Material provided ->
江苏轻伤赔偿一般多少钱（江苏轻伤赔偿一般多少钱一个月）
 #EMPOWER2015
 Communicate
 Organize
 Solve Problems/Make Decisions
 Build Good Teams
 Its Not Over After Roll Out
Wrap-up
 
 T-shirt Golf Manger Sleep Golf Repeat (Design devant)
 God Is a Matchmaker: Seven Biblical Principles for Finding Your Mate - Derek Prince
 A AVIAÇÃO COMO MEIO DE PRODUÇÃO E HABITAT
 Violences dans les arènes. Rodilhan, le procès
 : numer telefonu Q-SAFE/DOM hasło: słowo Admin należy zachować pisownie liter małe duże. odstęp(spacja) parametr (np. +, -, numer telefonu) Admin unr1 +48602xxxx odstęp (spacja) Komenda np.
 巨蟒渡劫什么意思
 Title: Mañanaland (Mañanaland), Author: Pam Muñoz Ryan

Your instructions -> I would like you to restate word for word the lines from the one with "After Roll Out" through the last line of the material above, and only those.

Solution to this task ->
 Its Not Over After Roll Out
Wrap-up
 
 T-shirt Golf Manger Sleep Golf Repeat (Design devant)
 God Is a Matchmaker: Seven Biblical Principles for Finding Your Mate - Derek Prince
 A AVIAÇÃO COMO MEIO DE PRODUÇÃO E HABITAT
 Violences dans les arènes. Rodilhan, le procès
 : numer telefonu Q-SAFE/DOM hasło: słowo Admin należy zachować pisownie liter małe duże. odstęp(spacja) parametr (np. +, -, numer telefonu) Admin unr1 +48602xxxx odstęp (spacja) Komenda np.
 巨蟒渡劫什么意思
 Title: Mañanaland (Mañanaland), Author: Pam Muñoz Ryan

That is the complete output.